Type of Document Dissertation
Author Kuh, Myung Jin
Author's Email Address mkuh1@lsu.edu, lsuclassic@hotmail.com
URN etd-07022004-122652
Title A Study of the “Quintet for Piano and Strings” by Richard Danielpour
Degree Doctor of Musical Arts (D.M.A.)
Department Music
Advisory Committee
Advisor Name Title
Constance Carroll Committee Chair
David Smyth Committee Member
Jennifer Hayghe Committee Member
Robert Peck Committee Member
Jan Hinson Dean's Representative
Keywords
  • chamber music
  • piano quintet
  • Danielpour
Date of Defense 2004-06-10
Availability unrestricted
Abstract
Richard Danielpour is recognized as one of the most successful and acclaimed composers today. His music is often described as neo-romantic: full of grand gestures, highly accessible, brilliantly orchestrated, and rhythmically powerful and exciting. His music is based on the traditions of European classical music; however, it also combines the American vernacular of the 20th century, including jazz, rock, and pop music.

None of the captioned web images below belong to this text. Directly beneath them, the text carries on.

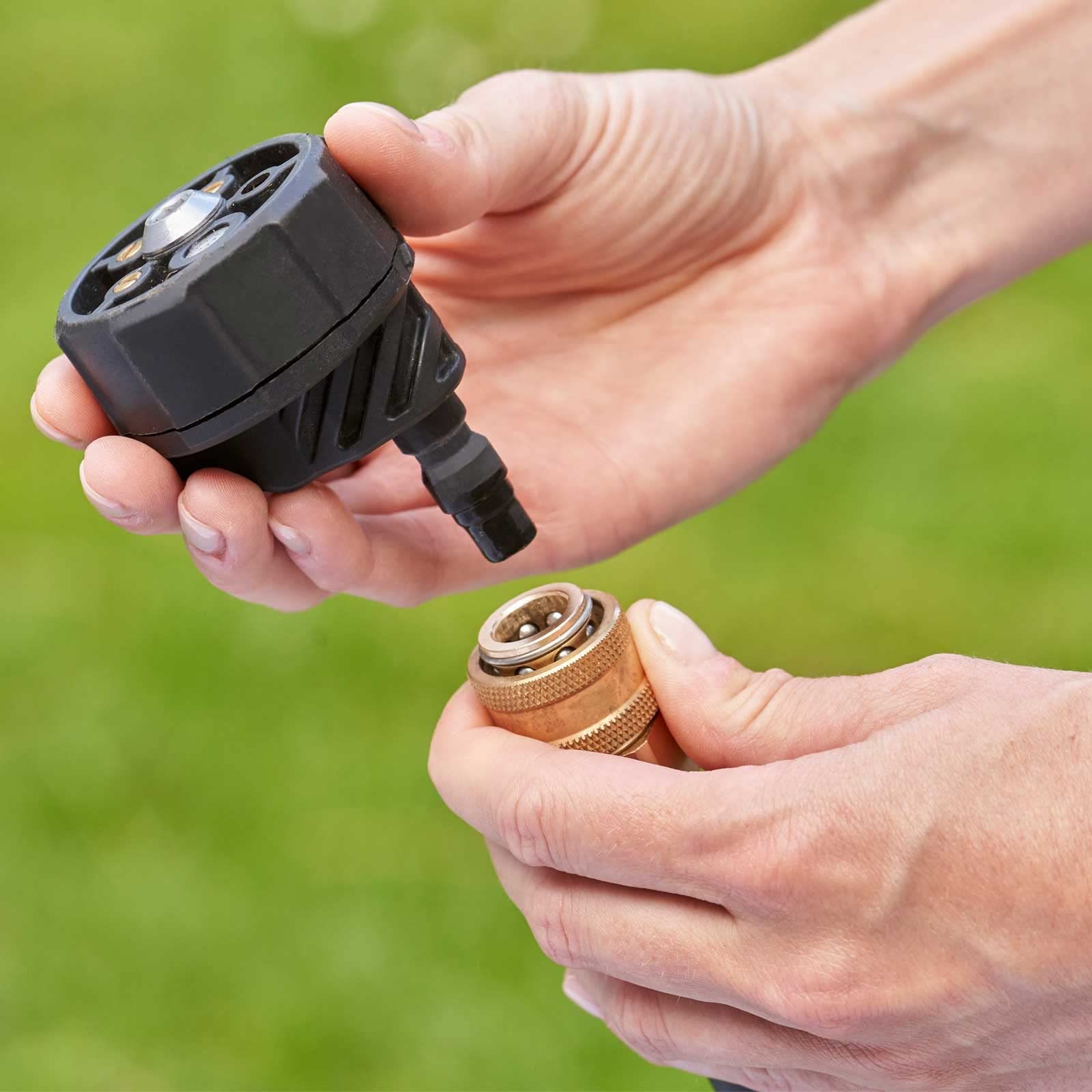 BLACK+DECKER Akku-Druckreiniger (18V, 24 bar, mobiler Druckreiniger zur Reinigung oder Bewässerung, mit flexiblen Wasseranschluss, 5in1 Multifunktionsdüse, ohne Akku & Ladegerät), BCPC18B-XJ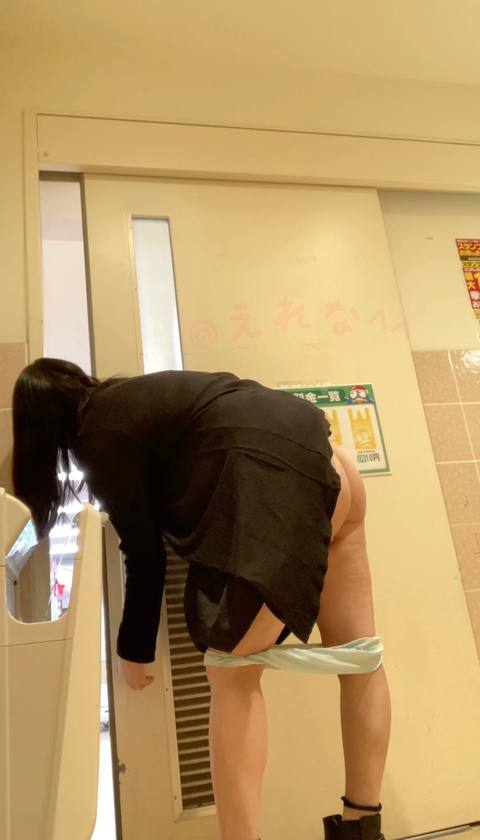 〈素人自撮り〉大学1**！ドン○ホーテの多目的トイレでディルドオナニーして「イクっ！」って大きい声出してオナニーしてたらノックされてびっくり、、多分外に聞こえててわざとノックされたのかも、、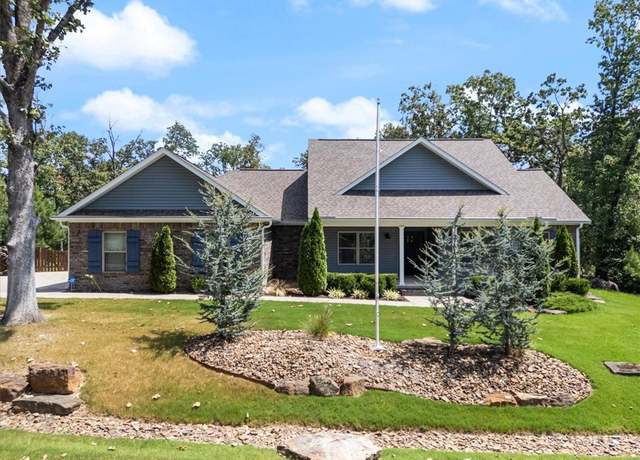 Property at 3 Carrick Cir, Bella Vista, AR 72715, 3 beds, 3 baths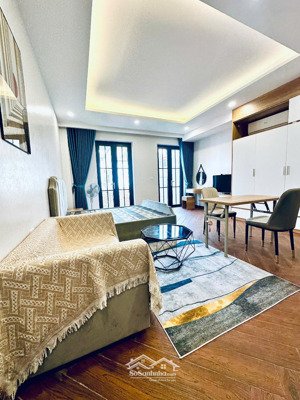 cho thuê căn hộ studio 50m2, giá 7 triệu, ngọc lâm, long biên, hà nội
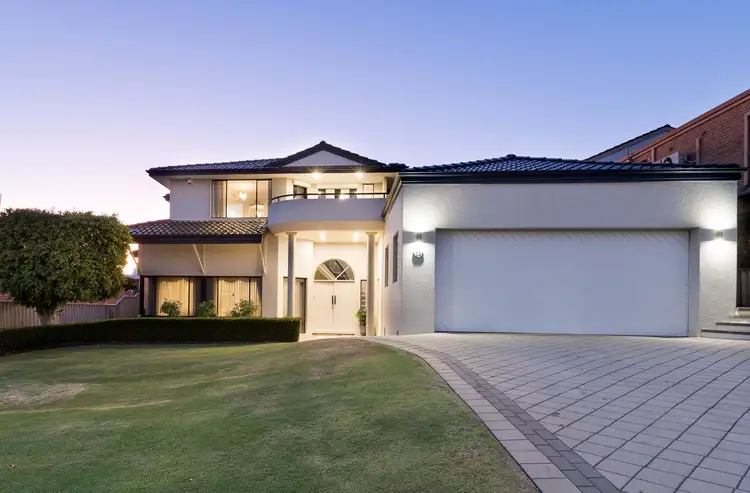 23 Waring Way, Kardinya WA 6163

His special interests in metaphysics and non-Western culture, especially Zen Buddhism, are also reflected in his compositions.

This study examines Danielpour’s Quintet for Piano and Strings, written in 1988. The work consists of three movements with the descriptive titles: “Annunciation,” “Atonement,” and “Apotheosis.” In general, the work shows many of the composer’s compositional characteristics such as references to traditional tonal language procedure, metaphysical ideas (developmental narratives), and rhythmic energy. The purpose of this study is to illustrate characteristics of Danielpour’s compositional style found in the Piano Quintet, and provide some insights from a theoretical and stylistic perspective. The first chapter provides biographical information about the composer and some background about his Piano Quintet. Three central chapters are devoted to detailed formal analysis of the three movements, focusing on issues such as the formal structure, tonal center, and interaction between diatonic and special collections (e.g. octatonic, whole-tone, and pentatonic scales). A final chapter takes up general issues of relationships between and among the movements, focused on Danielpour’s stylistic characteristics found in the Quintet for Piano and Strings.